Hagel eliminates ‘Distinguished Warfare Medal’

Lawrence Torres III, U.S. Army 5th Signal Command
While service members who operate and support remotely piloted aircraft or operate in cyberspace are a critical part of the military’s mission, Department of Defense officials have decided to eliminate the “Distinguished Warfare Medal” that was meant to honor them. Instead, service officials have recommended creation of a new “distinguishing device” that can be affixed to existing medals to recognize these service members.

WASHINGTON – Defense Secretary Chuck Hagel has eliminated the Distinguished Warfare Medal, DoD officials announced, April 15.

Instead, the military will recognize service members who directly affect combat operations without being present through distinguishing devices that will be affixed to already existing awards.

Soon after being sworn in as defense secretary Feb. 27, 2013, Hagel asked Gen. Martin E. Dempsey, the chairman of the Joint Chiefs of Staff, to lead a review of the medal.

“The Joint Chiefs of Staff, with the concurrence of the service secretaries, have recommended the creation of a new distinguishing device that can be affixed to existing medals to recognize the extraordinary actions of this small number of men and women,” Hagel said in a written release.

“I agree with the Joint Chiefs’ findings, and have directed the creation of a distinguishing device instead of a separate medal,” Hagel said in the release. “The servicemen and women who operate and support our remotely piloted aircraft, operate in cyber, and others are critical to our military’s mission of safeguarding the nation.”

The distinguishing devices will serve to recognize these service members’ achievements, he said.

The undersecretary of defense for personnel and readiness will develop the award criteria in close coordination with the services and the Joint Staff, officials said.

DoD announced the creation of the Distinguished Warfare Medal, Feb. 13, 2013.

“I’ve always felt, having seen the great work that they do, day-in and day-out, that those who performed in an outstanding manner should be recognized,” then-Defense Secretary Leon E. Panetta said during a news conference announcing the medal.

“Unfortunately,” Panetta added, “medals that they otherwise might be eligible for simply did not recognize that kind of contribution.”

Members of veterans’ service organizations and others objected to the Distinguished Warfare Medal, officials said. The medal’s order of precedence was to be just below the Distinguished Flying Cross and just above the Bronze Star. Some commentators objected that it would rank higher than the Purple Heart, awarded to those wounded or killed in action.
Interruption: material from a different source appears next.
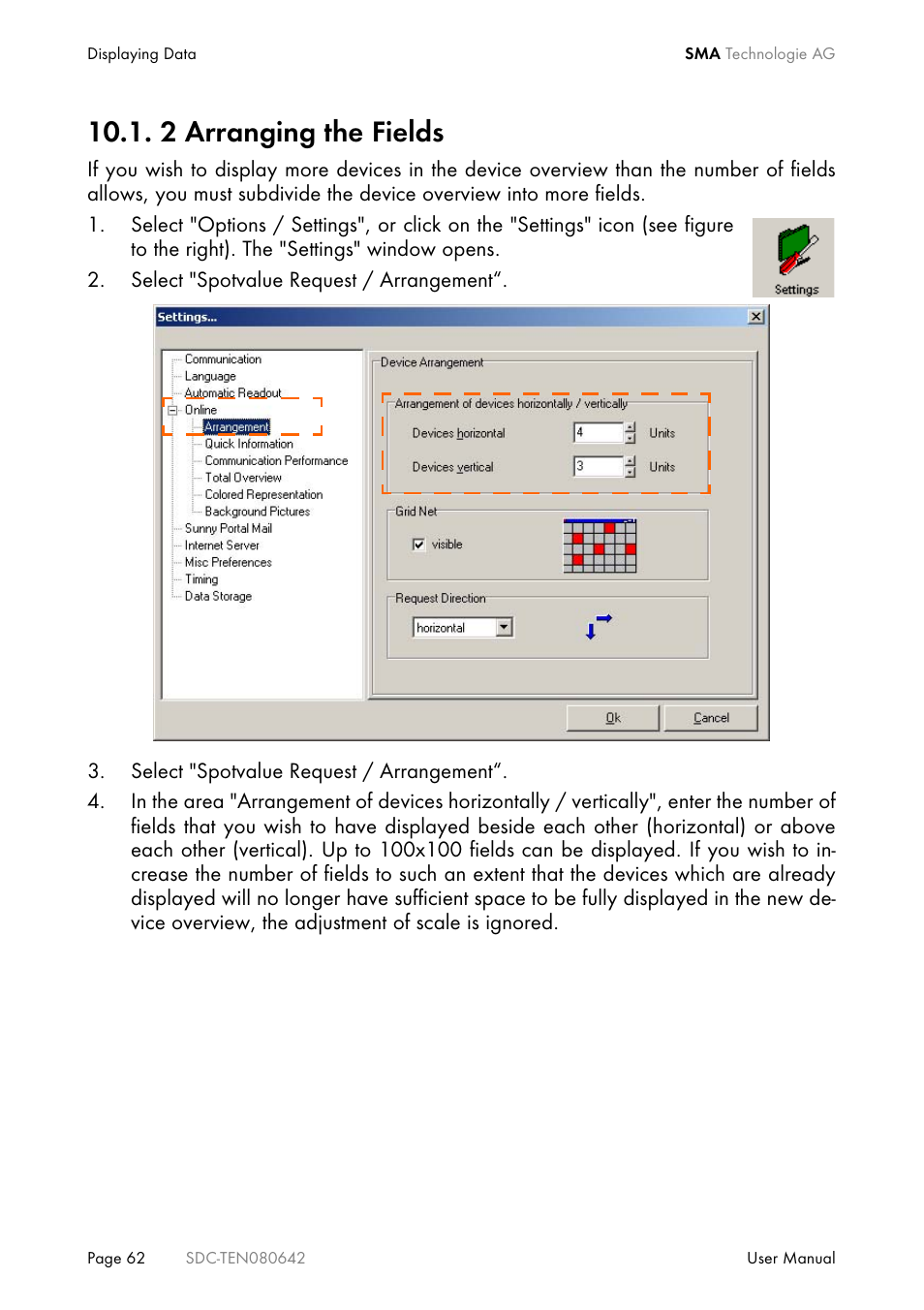 2 arranging the fields | SMA Sunny Data Control V.4.2 User Manual | Page 62 / 196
“When I came into office, concerns were raised to me about the Distinguished Warfare Medal’s order of precedence by veterans’ organizations, members of Congress and other stakeholders whose views are valued by this department’s leadership,” Hagel said.

The distinguishing devices can be affixed to awards at different levels, so, once written, the criteria for the awards must reflect that, officials said. For example, the criteria for affixing a device to an Army Commendation Medal would be different than those for a Meritorious Service Medal, a higher award.